If you won’t need a jumbo loan — one for more than $417,000 to $729,750, depending on the city — you’ll want to finance your purchase with another type of government-backed loan.

You’ll want a loan that can be sold to Fannie Mae, one of the big government agencies that buy mortgages from banks and mortgage companies.

That will make it easier for you to qualify for a mortgage and help you get the lowest possible interest rate.

But 51% of the units in the building or complex must be owner-occupied (as opposed to investor-owned and rented) to qualify for Fannie Mae financing.

In addition, Fannie Mae requires that at least 10% of association dues be deposited in the condo association’s reserves.

If you are making a down payment of less than 20% and must have mortgage insurance, the investor ownership has to be less than 30%.

For condos in newly constructed buildings, Fannie Mae requires that more than 50% of the units must be sold or under contract as a primary or second home.

To obtain mortgage insurance, 70% must be sold with no more 30% owned by investors.

 

Smart move 3. Check for healthy financial reserves.

When you own a condo, you pay homeowners’ association fees to cover maintenance and operating expenses for the entire complex.

The condo association should have reserves to cover two to three years of its operating budget.

Less than that, and you might have to pay additional assessments or increased dues for large projects like a new roof.

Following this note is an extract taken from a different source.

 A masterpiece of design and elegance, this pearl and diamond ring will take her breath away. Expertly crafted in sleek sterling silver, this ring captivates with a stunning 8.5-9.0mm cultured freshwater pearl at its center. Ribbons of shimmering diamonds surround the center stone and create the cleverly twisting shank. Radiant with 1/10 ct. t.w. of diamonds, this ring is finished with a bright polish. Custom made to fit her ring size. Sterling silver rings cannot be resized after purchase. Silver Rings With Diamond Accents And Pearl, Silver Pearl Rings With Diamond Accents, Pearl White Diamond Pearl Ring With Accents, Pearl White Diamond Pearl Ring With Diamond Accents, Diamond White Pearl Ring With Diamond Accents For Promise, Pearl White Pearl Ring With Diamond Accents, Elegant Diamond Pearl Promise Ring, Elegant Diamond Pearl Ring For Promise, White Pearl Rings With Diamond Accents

If the reserves are higher than that, you could be paying higher monthly dues than necessary.

Check the number of foreclosures in the complex.

Besides reducing property values, foreclosed units don’t contribute to the association’s reserves, so some homeowner associations make the remaining owners pay higher fees to recoup those losses.

 

Smart move 4. Beware of potential special assessments.

The condo association’s reserves cover operating costs and maintenance.

But if the association defers maintenance or doesn’t collect enough in fees, it will have to charge a special one-time assessment to pay for big projects like new landscaping or replacing decks.

“Many condo buildings in Florida didn’t collect reserves for many years,” says Janice Leis, associate broker with Prudential Fox & Roach in Philadelphia. “When hurricanes compromised the structures and insurance companies mandated upgrades, condo owners faced special assessments from $30,000 to $100,000, depending on the unit.”

Start by looking at the exterior of the buildings and the grounds for warning signs of disrepair.

The condo board minutes should include plans for major projects and whether they will require an assessment.

The association’s financial statements show the projects that have been done in the past. You can see the major work that’s been done.

You can also ask yourself whether you would have agreed to those projects if you had been an owner. If you wouldn’t have, you might not approve of the projects that come up in the future.

In addition, ask the condo association about the age of items, such as the roof, elevators, air conditioning system, heating system, security, windows and so on, and when they may need to be replaced.

Some condo associations put together multiyear plans so they can plan for big projects without assessing large one-time fees.

A home inspector, besides checking out your condo, can also identify potential maintenance issues for the complex.

 

Smart move 5. Look for a smooth-running organization.

Look through the condo board meeting minutes to see if problems are resolved quickly and effectively.

Taking care of maintenance issues is one of the board’s essential responsibilities.

Any repair should show up in the notes twice: first, when the board discusses it and decides what to do, and again when the bill is paid and the issue is resolved.

Maintenance issues reappearing month after month are a sign of an ineffective or even dysfunctional board.

Talk to people who live in the building. Find out if their needs are met and issues resolved in a reasonable amount of time.

Neighbors can also provide an idea of the character of the complex.

Condos are close quarters, so issues such as noise, pets and untidy habits can become unbearable.